In the mid-1970s, he sold the company and bought a summer home on the Ionian island of Zakynthos where he enjoyed watching “80-year-old men herding goats and sheep on the mountainside, running after them like 20-year-olds.” He became enamored of the local cooking traditions, seeing for himself that “the connection between diet and health is profound.”
The heavy promotion of chemical fertilizers, pesticides, and herbicides on the island bothered him. “It became a real dilemma for olive growers, groves that had been there for hundreds of years, family businesses passed down from generation to generation,” he says. “The intrusion of chemicals caused the soil to become inert. Life there was dying. The ones who didn’t succumb to using chemicals I felt were worth the support.”

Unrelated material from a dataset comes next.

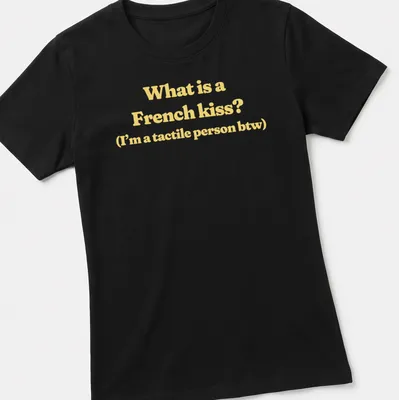 Text print reading What is a French kiss? I’m a tactile person btw in yellow and white — printed on a women's shirt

Kitrilakis returned to California with a suitcase full of his favorite olives, olive oil, and feta. Guests at one of his dinner parties were so enthusiastic about the quality they suggested going into business together to import the products.
“It started another adventure,” he says.
Kitrilakis’ company Peloponnese imported several fine Greek items and was purchased by Hormel Foods in 1995. Hand-crafted Greek cheese was the specialty at Kitrilakis’ Mt. Vikos, which UNFI acquired in 2007. The co-packing facility he founded, PELOPAC, produces innovative Greek and Mediterranean foods rooted in tradition. Most recently he’s been consulting at Big Picture Foods, focused on small-batch fermentation of organic olives, capers, red peppers, and pepperoncini without the use of additives or preservatives.
Kitrilakis lives in Santa Fe now and has given up his island home, though he was glad to see before he left that a lot of young, educated Greeks were returning to the land, interested in preserving traditional ways over embracing modernity. But overriding everything, he says, is flavor. “You eat food because it tastes so good. Health benefits are the collateral that come naturally.”